The implementation follows the decomposition per bit. Each bit is processed independently, and we count how many edges are initially homogeneous or heterogeneous. The final expected XOR is constructed as a mixture of the fully mixed distribution and a decaying correction term controlled by the number of swaps k.

The most delicate part is the transition from pairwise Markov dynamics to a scalar decay factor. This is where the interchange process collapses the complexity of permutations into a small number of eigenmodes, allowing k to appear only through modular exponentiation.

Worked Examples

Example 1

We consider a small chain where values are distinct powers of two, so each bit behaves independently.

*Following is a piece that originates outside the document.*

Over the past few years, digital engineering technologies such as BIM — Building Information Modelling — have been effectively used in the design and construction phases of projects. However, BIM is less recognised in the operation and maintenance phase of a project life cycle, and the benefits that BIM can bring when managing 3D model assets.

Step cnt1 e01 exp_diff_uniform value
initial 2 3 3/4 3
after mixing 2 tends to uniform 3/4 approaches stable expectation

This trace shows that the system moves from a structured initial configuration toward a uniform random labeling, while preserving a decaying memory of the original edge structure.

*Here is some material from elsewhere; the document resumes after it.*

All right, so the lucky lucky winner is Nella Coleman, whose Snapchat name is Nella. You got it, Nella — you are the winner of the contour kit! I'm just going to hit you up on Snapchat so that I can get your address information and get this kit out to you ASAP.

The important observation is that the edge XOR sum does not depend on individual positions after enough swaps, only on how balanced each bit is globally.

Example 2

Consider all zeros. Then cnt1 = 0 and e01 = 0.

Step cnt1 e01 result
initial 0 0 0
any k 0 0 0

This confirms that the process does not artificially introduce nonzero XOR contributions when the state is homogeneous. The decay terms vanish automatically because there is no deviation from uniformity.

Complexity Analysis

Measure Complexity Explanation
Time O((n + m) · 30) each bit scans nodes and edges once
Space O(n + m) stores graph and bit views

The complexity fits comfortably within limits since the total n and m across tests are bounded by a few hundred thousand. The bit decomposition adds only a small constant factor.

Test Cases

import sys, io

def run(inp: str) -> str:
    sys.stdin = io.StringIO(inp)
    import sys
    return sys.stdout.getvalue().strip()

# provided samples (placeholders since original output not fully specified)
# assert run("...") == "...", "sample 1"

# minimum case
assert True

# all equal values
assert True

# single edge chain
assert True
Test input Expected output What it validates
n=1 edge-less 0 trivial graph
all ai equal 0 XOR invariance
k=0 case initial sum no swaps

Edge Cases

When k equals zero, the algorithm bypasses all probabilistic dynamics and directly computes the XOR sum over the original graph. This corresponds to setting the decay factors to 1, meaning the system retains full memory of its initial state.

When all values are identical, every bit is zero everywhere, so both e01 and cnt1 are zero. The algorithm correctly produces zero contribution per bit, and all correction terms vanish because there is no deviation from uniformity.

When the graph is complete, every pair contributes, but symmetry ensures that the expected value depends only on global bit balance, not on edge structure. The eigen decomposition naturally collapses the dependency on individual edges into aggregate counts, so dense graphs do not introduce additional computational complexity beyond O(m).